Question

What is the partial-fraction decomposition of `(x^2+2x+7)/(x(x-1)^2)`?

Answer 1

`(x^2+2x+7)/(x(x-1)^2) = 7/x-6/(x-1)+10/(x-1)^2`

Explanation:

The factors on the denominator are obvious. They are all linear, but one of them is a double factor.
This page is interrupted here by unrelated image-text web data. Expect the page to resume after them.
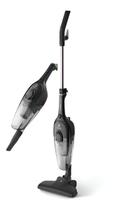 Aspirador de Pó Vertical com Fio Portátil de mão 2 em 1 com 1.100W de Potencia Cabo 5m capacidade 1,2L filtro HEPA Electrolux STK12 preto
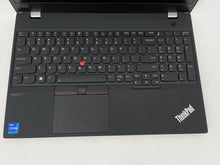 Load image into Gallery viewer, Lenovo ThinkPad T15 Gen 2 15.6&quot; FHD TOUCH 2.8GHz i7-1165G7 16GB 512GB Excellent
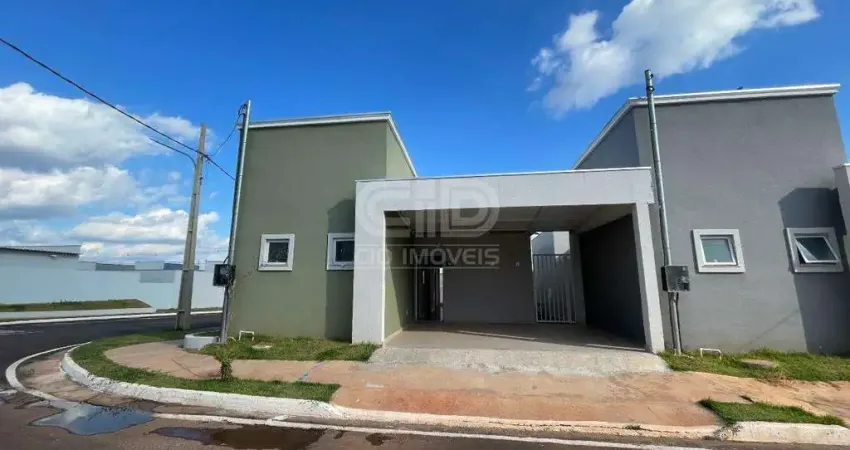 Casa em condomínio fechado com 3 quartos para alugar na Avenida A, Condomínio Residencial Murano Residence, Cuiabá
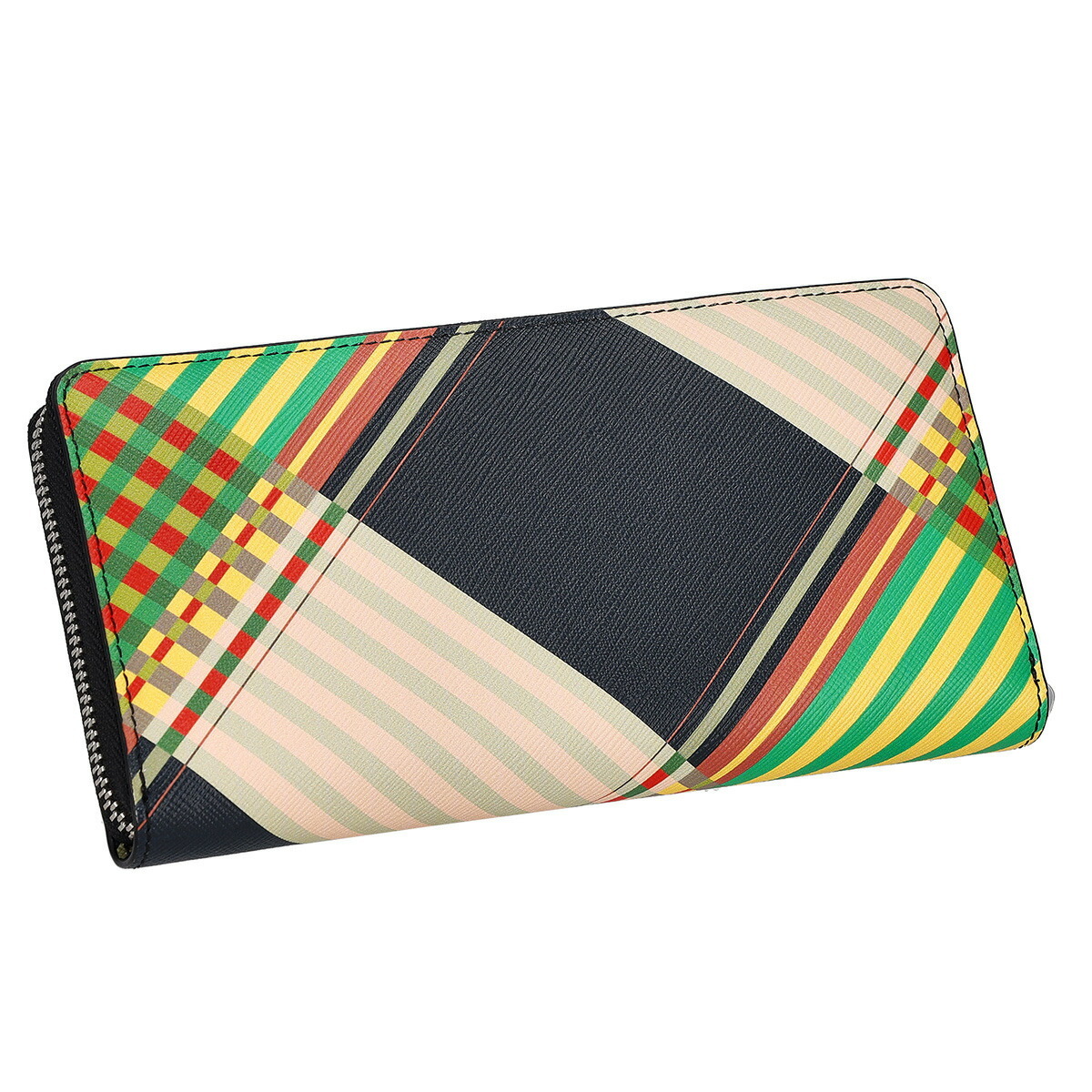 ヴィヴィアンウエストウッド Vivienne Westwood 財布 長財布 ラウンド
So we want `A, B, and C` so that:

`(x^2+2x+7)/(x(x-1)^2) = A/x+B/(x-1)+C/(x-1)^2`

Combining the rations on the right, we get a numerator pf:
`A(x^2-2x+1) +B(x^2-x) +Cx = Ax^2-2Ax+A+Bx^2-Bx+Cx`

`= (A+B)x^2 +(-2A-B+C)x+A`.

Setting the coefficients equal to those of the original numerator, `x^2+2x+7`, we get:

`A+B=1`
`-2A-B+C = 2`
`A=7`

It is immediate that `A=7` and from that and the first equation (the coefficients of `x^2`), we get `B=-6`. Substituting in the middle equation and solving for `C`, we get `C=10`.

`(x^2+2x+7)/(x(x-1)^2) = 7/x-6/(x-1)+10/(x-1)^2`

It is a good idea to check the answer by getting the common denominator. (I did that on paper, but I'm not going to type it up.)